(WHAT THE EXERCISE ASKS):
Your copy should start at the line with "Thaw the GoTAC" and end at the line with "The second step" in the data below. Transcribe only those lines, exactly, pictures excluded.
------ TASK DATA ------
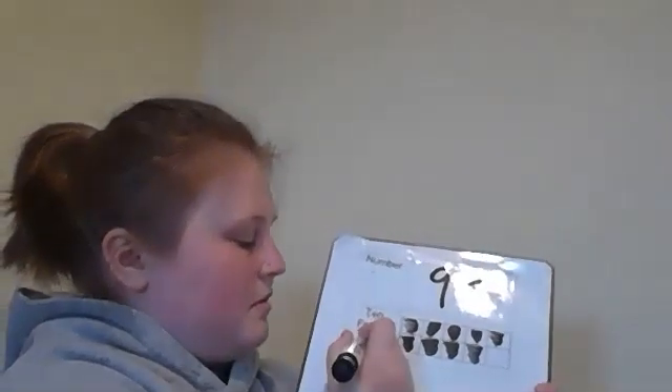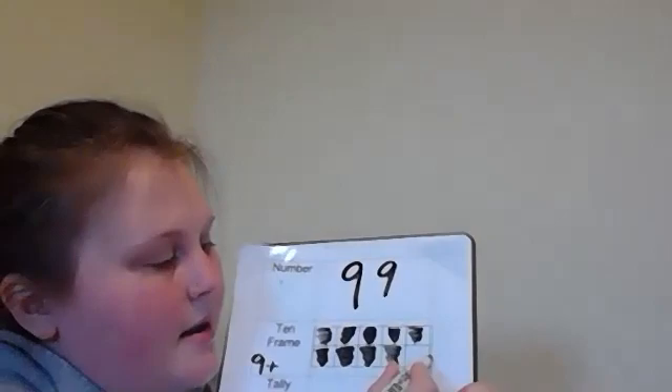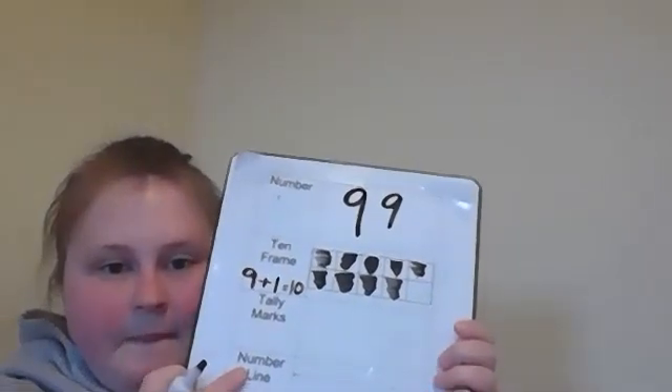The number we're talking about is gonna go first in our addition problem, so you're gonna write a nine. We are adding these together, so we are going to use the addition sign, which is a plus, which looks like a cross. We have one box that is empty, so we are going to put a one on the other side of that nine, and we are adding them together with an equal sign. Nine plus one equals ten.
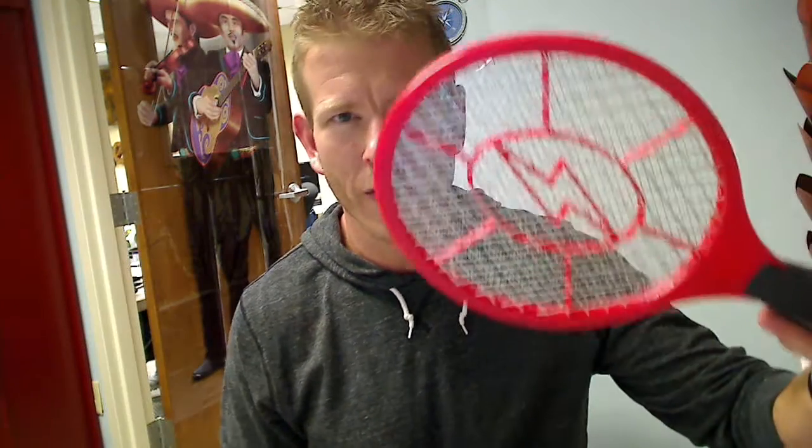The more you order, the cheaper they get. So you can have the entire team, everybody around the house, dealing with the bugs at once. Die, bugs, die. Stop biting us — we'll get you back with the electronic bug zapping racket.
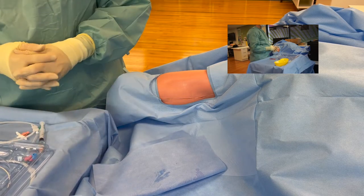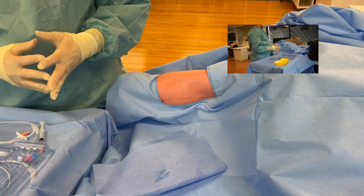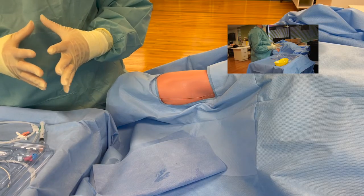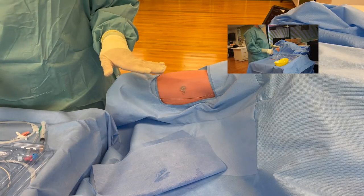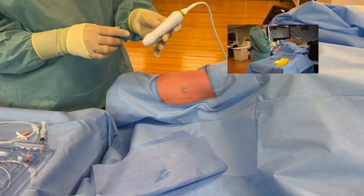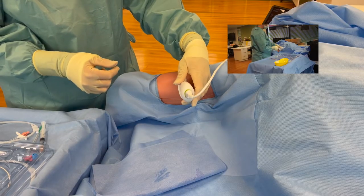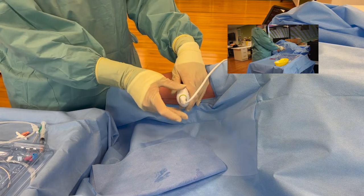Also remember that we do not currently have any sterile ultrasound probe covers, so you will not see the ultrasound probe in a cover. But if you were using this in a clinical situation, you would absolutely have a sterile probe cover on your ultrasound. With some sterile gel on the patient, you would take your ultrasound probe in your non-dominant hand, acetaine which is probe left and probe right in correlation with the ultrasound screen, and identify your target vessel.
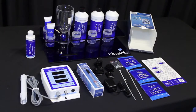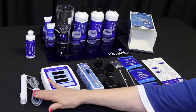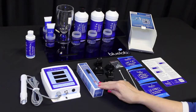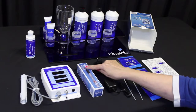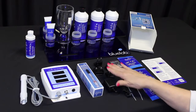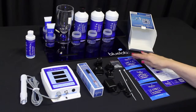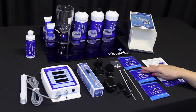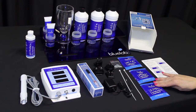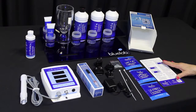First, check the box contents. The Bluelab Guardian Monitor comes with a conductivity temperature probe attached to the monitor. You'll also have a replaceable Bluelab pH probe, a pH probe holder with suction cup, a 5 volt power supply, plug adapters, four mounting fasteners, two cable ties, pH 7.0, pH 4.0, and 2.77 EC single-use solution sachets, plus a getting started guide.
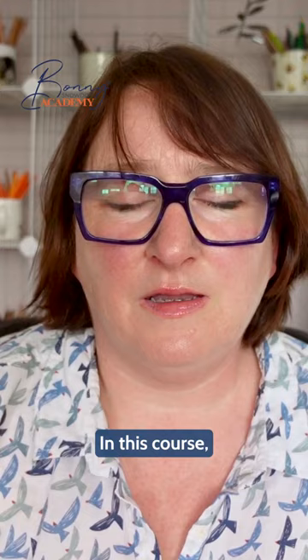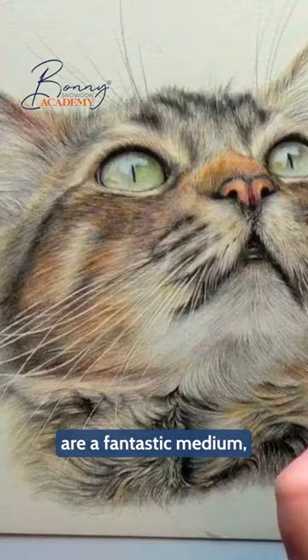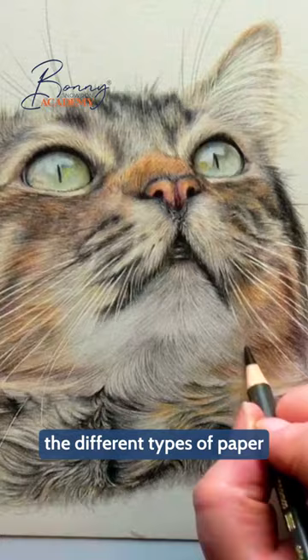In this course, I'll guide you through everything you need to know to get you started, from why coloured pencils are a fantastic medium to understanding the different types of paper suitable for beginners. Join me in the Super Simple Coloured Pencil Course and let's unleash your creativity together.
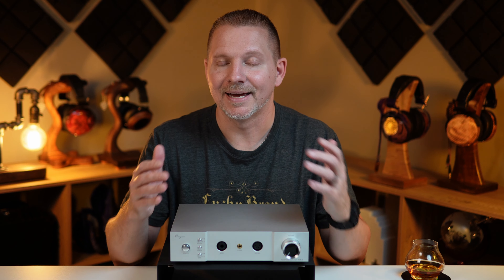Let me know in the comments down below what you think of this new amp from Cayin. Do you have an IHA-6 and believe this to be a step up? Thank you all for watching this video. Please do like and subscribe to the channel if you would like to support me, and I will see you in the next one.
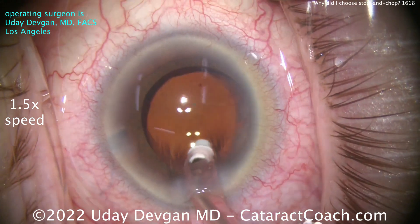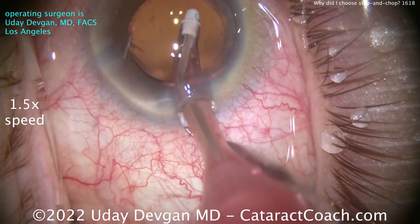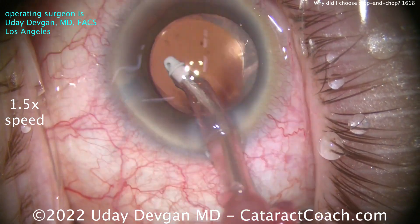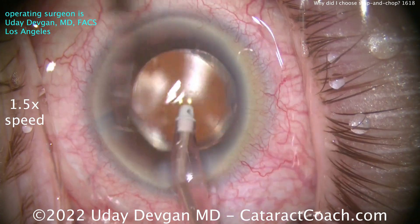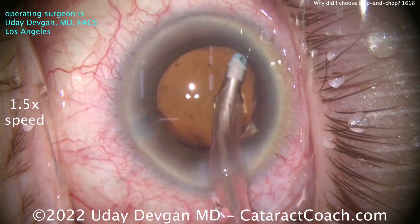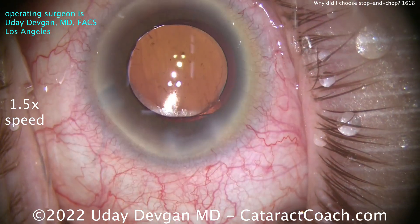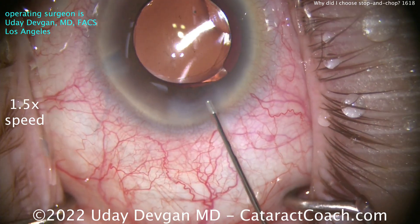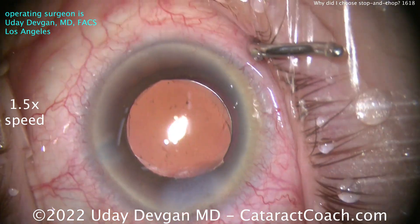Bottom line, take-home message: you may find that divide and conquer is your fastball — what you like for every case. But I still think you should learn how to do stop-and-chop and various combinations of phaco chop, whether it's combo-chop, vertical-chop, horizontal-chop, pre-chop, or even using the femtosecond laser to split the nucleus into pieces. Learn all the techniques, decide which is your favorite, and then for each patient determine what you want to do in that clinical situation.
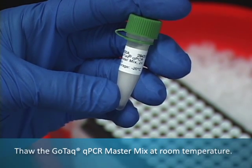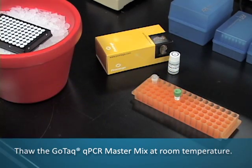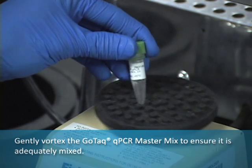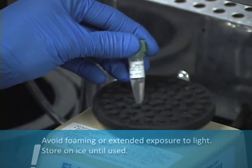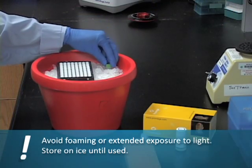Thaw the GoTAC QPCR MasterMix at room temperature. Gently vortex the QPCR MasterMix to ensure adequate mixing. Avoid foaming or extended exposure to light. Store on ice until used.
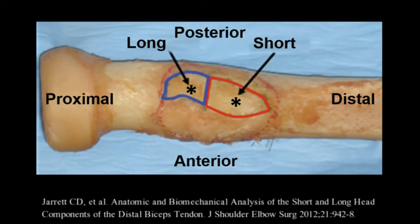Further, the distal tendon is comprised of both a medial short head and a lateral long head. The two heads are continuations of the proximal muscle. The short head inserts distal to the long head on the footprint, as you can see in the figure. The stars are the centroids, or the center of each respective footprint.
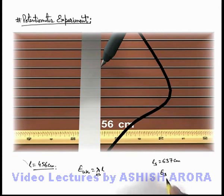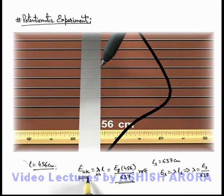So we can write that the standard battery EMF equals λL_s. Using this relation, the value of λ is E_s divided by 637. Substituting the value of λ, the unknown EMF equals E_s multiplied by 456 divided by 637. Substituting the value of the standard battery EMF gives us the EMF of the unknown battery which we intended to measure using this experiment.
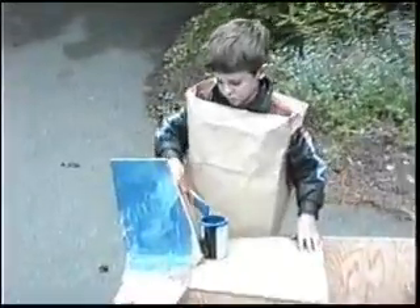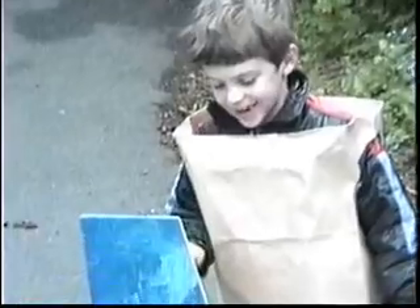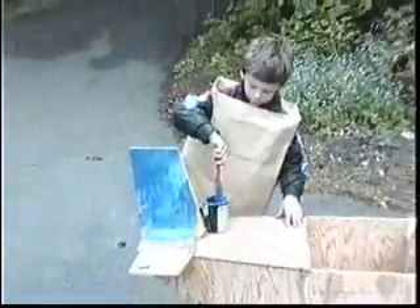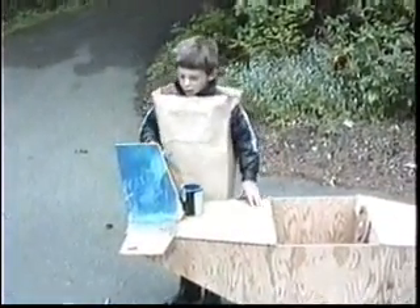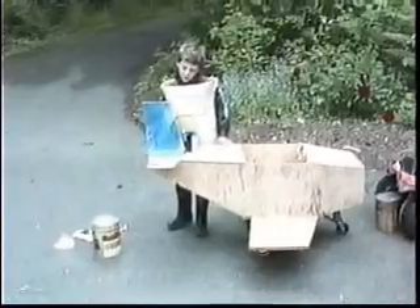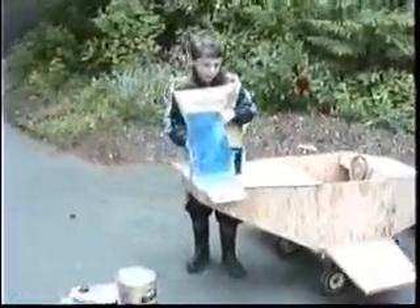Let's hear all about it. Tell us about your plane. Well, we put the wheels on and now we're painting on the airplane. And then I'm going to take it down to the garage and play with it. And then I'm going to paint the airplane brown.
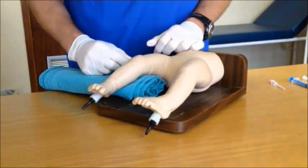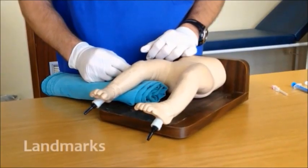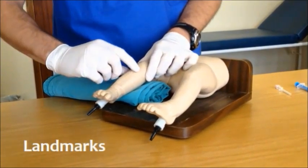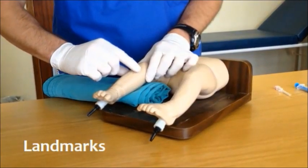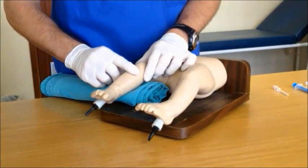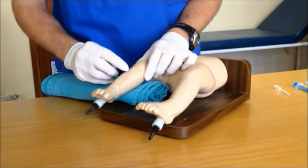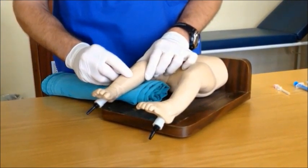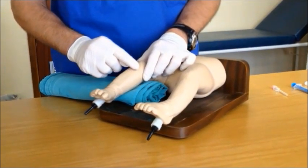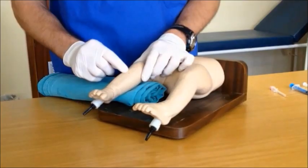The second step would be to identify the correct area of insertion. Grab the knee firmly and palpate for the proximal end of the tibia. The area where intraosseous access should be gained is about one finger breadth distal to that on the anteromedial flat surface of the tibia. Please take care not to insert the needle too close to the knee, as damage to the growth plate may ensue.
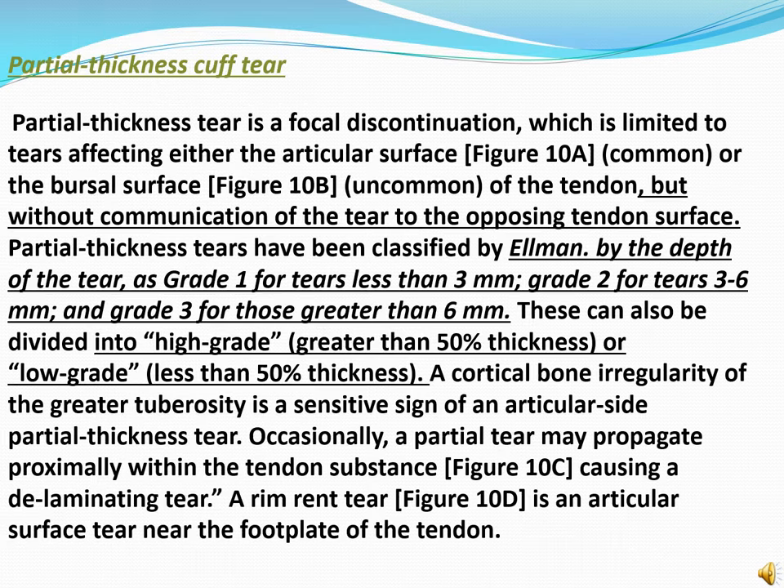A partial thickness tear is a focal discontinuity which is limited to tears affecting either the articular surface or the bursal surface of the tendon, but without communication of the tear to the opposing tendon surface. Partial thickness tears have been classified by depth of the tear as grade 1 for tears less than 3 mm, grade 2 for tears 3 to 6 mm, and grade 3 for tears greater than 6 mm. They can also be divided into high grade (greater than 50% thickness) or low grade (less than 50% thickness). A cortical bone irregularity of the greater tuberosity is a sensitive sign of articular side partial thickness tear. Occasionally a partial tear may propagate proximally within the tendon surface, causing a delaminating tear. A rim-rent tear is an articular surface tear near the footprint of the tendon.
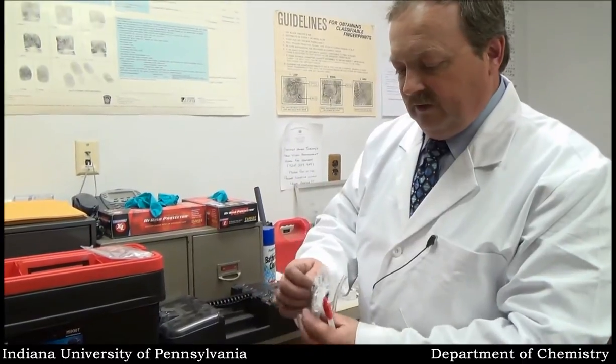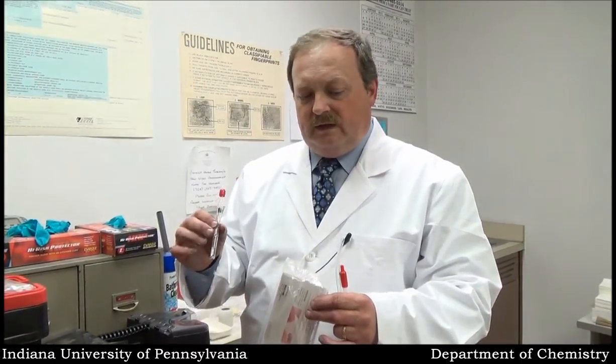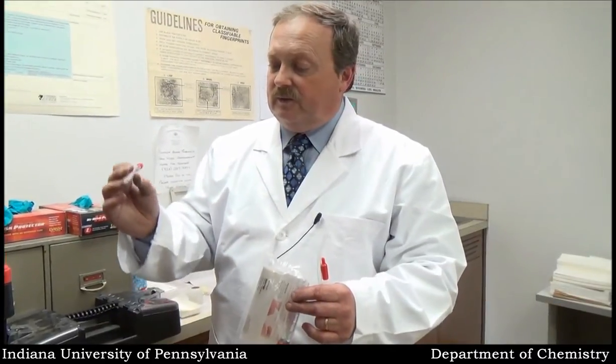I'm going to get one of these ready because I'll need it in a minute. This is basically a chemical that will set the iodine print, because the iodine print will initially appear yellow and it will fade rapidly. So if we do identify an iodine print, we are going to apply some of this to it and it will turn it black and set it permanently.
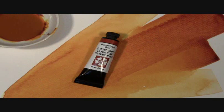Like all members of the Daniel Smith Quinacridone Collection of Extra Fine Watercolors, our Quin Gold is highly durable, extremely transparent with vivid clarity and intensity. Our Quinacridone Gold watercolor has an excellent light-fast rating, is a transparent, low-staining, and granulating watercolor. That's Quinacridone Gold by Daniel Smith.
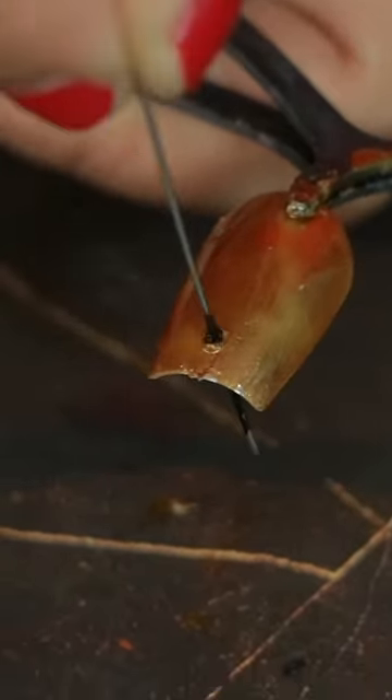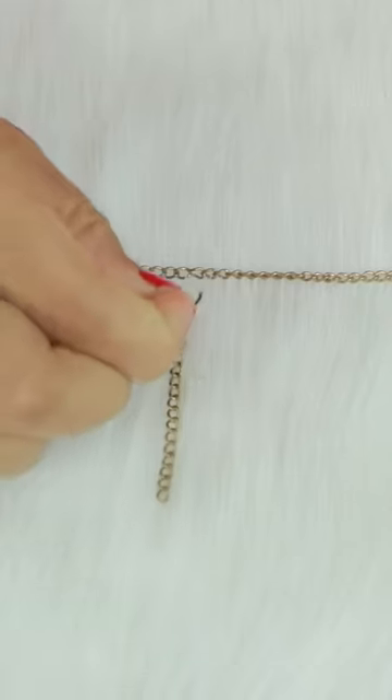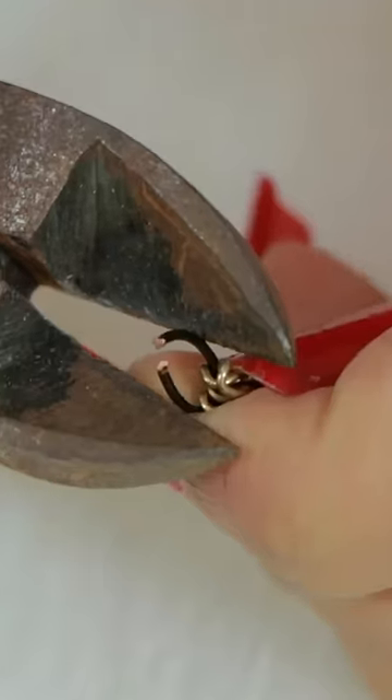Now, we need to make a small hole — one more. Now, we need to make a chain. We need to make a small chain, and then we need to secure it with big chains. We need to fit 5 small chains in big chains.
------
(RESULT OF THIS EXERCISE):
Thaw the GoTAC QPCR MasterMix at room temperature. Gently vortex the QPCR MasterMix to ensure adequate mixing. Avoid foaming or extended exposure to light. Store on ice until used.
Further, the distal tendon is comprised of both a medial short head and a lateral long head. The two heads are continuations of the proximal muscle. The short head inserts distal to the long head on the footprint, as you can see in the figure. The stars are the centroids, or the center of each respective footprint.
So we can write that the standard battery EMF equals λL_s. Using this relation, the value of λ is E_s divided by 637. Substituting the value of λ, the unknown EMF equals E_s multiplied by 456 divided by 637. Substituting the value of the standard battery EMF gives us the EMF of the unknown battery which we intended to measure using this experiment.
Let's hear all about it. Tell us about your plane. Well, we put the wheels on and now we're painting on the airplane. And then I'm going to take it down to the garage and play with it. And then I'm going to paint the airplane brown.
The second step would be to identify the correct area of insertion. Grab the knee firmly and palpate for the proximal end of the tibia. The area where intraosseous access should be gained is about one finger breadth distal to that on the anteromedial flat surface of the tibia. Please take care not to insert the needle too close to the knee, as damage to the growth plate may ensue.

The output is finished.